### The problem
Emit an exact copy of the lines running from the start of the records to the line containing "live from 2026-07-08", both included.

********************

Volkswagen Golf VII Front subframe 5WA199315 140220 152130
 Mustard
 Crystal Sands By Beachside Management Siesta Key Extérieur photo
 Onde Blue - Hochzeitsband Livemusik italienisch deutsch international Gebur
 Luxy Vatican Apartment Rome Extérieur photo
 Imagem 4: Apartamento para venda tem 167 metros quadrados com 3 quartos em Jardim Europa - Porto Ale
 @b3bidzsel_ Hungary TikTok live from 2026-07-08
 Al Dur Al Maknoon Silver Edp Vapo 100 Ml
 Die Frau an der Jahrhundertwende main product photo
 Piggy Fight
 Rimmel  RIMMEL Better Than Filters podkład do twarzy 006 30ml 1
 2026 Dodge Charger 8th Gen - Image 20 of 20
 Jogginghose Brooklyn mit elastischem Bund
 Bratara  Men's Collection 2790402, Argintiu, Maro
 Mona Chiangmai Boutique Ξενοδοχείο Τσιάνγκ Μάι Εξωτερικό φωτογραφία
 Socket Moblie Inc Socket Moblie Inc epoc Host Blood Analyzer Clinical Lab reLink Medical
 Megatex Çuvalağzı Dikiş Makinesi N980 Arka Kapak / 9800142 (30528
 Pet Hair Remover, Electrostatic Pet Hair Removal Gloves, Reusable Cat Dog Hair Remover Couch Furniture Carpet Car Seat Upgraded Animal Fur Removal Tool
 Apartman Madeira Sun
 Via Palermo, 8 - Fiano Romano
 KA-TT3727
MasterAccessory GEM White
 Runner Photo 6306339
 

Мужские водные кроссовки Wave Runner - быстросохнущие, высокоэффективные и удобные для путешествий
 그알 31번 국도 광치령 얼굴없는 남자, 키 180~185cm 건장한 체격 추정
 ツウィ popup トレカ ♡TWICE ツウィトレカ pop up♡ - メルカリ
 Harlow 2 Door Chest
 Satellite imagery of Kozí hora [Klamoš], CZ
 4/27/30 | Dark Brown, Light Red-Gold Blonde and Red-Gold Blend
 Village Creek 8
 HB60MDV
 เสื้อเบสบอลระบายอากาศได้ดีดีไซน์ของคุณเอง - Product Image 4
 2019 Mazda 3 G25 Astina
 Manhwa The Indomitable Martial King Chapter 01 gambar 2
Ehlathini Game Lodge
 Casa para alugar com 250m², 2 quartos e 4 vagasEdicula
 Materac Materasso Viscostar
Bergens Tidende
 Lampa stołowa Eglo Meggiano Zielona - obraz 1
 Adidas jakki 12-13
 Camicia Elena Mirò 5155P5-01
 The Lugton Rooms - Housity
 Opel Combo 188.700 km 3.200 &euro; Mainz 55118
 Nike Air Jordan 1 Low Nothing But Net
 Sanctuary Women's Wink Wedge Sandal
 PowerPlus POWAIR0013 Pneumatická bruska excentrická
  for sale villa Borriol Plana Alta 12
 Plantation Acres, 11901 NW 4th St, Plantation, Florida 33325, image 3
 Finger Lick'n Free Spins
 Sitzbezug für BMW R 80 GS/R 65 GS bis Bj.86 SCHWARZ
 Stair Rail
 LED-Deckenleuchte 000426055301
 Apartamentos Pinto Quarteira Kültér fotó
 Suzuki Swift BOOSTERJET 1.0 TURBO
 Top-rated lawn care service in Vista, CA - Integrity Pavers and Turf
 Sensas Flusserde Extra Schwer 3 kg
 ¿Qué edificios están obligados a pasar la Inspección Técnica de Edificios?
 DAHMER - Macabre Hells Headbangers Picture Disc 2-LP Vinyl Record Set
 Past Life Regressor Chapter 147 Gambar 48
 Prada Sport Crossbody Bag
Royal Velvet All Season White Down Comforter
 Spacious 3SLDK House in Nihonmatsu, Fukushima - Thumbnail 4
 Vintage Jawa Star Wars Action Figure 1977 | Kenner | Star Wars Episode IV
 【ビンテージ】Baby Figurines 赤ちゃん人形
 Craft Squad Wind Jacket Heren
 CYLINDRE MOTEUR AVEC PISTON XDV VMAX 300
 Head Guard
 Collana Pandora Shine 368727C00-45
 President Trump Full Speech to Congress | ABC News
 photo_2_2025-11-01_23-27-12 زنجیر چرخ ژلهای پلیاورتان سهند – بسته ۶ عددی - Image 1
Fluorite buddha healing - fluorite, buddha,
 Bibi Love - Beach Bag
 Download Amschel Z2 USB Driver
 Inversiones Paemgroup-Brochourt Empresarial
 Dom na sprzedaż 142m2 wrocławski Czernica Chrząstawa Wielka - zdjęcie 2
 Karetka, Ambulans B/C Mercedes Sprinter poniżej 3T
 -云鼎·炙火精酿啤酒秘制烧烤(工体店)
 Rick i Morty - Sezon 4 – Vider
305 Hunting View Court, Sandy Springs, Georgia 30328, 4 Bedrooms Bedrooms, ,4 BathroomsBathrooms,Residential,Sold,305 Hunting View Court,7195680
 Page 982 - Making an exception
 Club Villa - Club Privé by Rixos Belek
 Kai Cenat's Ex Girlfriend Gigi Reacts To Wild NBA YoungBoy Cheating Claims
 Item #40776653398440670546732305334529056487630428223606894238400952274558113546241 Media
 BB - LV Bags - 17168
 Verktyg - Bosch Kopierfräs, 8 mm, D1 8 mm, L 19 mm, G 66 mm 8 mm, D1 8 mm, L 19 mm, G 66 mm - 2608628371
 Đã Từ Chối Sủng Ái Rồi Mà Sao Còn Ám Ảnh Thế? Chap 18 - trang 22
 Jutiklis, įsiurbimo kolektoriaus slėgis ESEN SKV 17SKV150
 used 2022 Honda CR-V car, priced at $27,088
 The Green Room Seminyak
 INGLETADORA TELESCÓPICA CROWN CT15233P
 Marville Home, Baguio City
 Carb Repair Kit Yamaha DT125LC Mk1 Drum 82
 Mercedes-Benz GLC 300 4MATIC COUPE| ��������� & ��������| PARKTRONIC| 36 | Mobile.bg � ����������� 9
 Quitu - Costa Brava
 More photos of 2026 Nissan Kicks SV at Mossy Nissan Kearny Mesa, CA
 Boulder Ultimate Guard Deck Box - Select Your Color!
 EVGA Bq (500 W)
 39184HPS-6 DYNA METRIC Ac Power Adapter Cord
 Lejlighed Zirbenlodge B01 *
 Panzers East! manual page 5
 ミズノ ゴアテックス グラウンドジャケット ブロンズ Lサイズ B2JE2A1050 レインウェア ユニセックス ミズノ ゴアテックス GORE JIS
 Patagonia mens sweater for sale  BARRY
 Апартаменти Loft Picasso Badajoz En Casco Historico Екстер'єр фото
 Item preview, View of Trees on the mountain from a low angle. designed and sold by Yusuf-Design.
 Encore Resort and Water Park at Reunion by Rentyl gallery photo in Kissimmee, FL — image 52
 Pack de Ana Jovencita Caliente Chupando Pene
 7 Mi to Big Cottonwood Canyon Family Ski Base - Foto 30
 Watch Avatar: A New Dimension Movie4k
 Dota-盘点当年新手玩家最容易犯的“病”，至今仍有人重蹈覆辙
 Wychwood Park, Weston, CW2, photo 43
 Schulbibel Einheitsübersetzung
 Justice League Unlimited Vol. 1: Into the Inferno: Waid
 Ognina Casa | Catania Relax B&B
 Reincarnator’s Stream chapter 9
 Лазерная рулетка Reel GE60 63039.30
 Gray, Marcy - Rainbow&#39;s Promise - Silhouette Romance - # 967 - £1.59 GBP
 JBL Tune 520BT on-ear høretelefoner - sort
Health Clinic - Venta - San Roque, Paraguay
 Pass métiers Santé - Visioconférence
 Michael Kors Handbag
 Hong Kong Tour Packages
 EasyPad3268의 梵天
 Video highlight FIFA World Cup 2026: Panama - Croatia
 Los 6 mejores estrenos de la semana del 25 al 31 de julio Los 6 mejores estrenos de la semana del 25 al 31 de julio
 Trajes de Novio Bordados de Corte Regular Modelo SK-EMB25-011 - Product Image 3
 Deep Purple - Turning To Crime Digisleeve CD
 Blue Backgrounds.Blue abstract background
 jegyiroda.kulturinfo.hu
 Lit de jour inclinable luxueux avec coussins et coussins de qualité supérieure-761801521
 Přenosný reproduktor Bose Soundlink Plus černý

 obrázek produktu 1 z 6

********************

### Reply
Volkswagen Golf VII Front subframe 5WA199315 140220 152130
 Mustard
 Crystal Sands By Beachside Management Siesta Key Extérieur photo
 Onde Blue - Hochzeitsband Livemusik italienisch deutsch international Gebur
 Luxy Vatican Apartment Rome Extérieur photo
 Imagem 4: Apartamento para venda tem 167 metros quadrados com 3 quartos em Jardim Europa - Porto Ale
 @b3bidzsel_ Hungary TikTok live from 2026-07-08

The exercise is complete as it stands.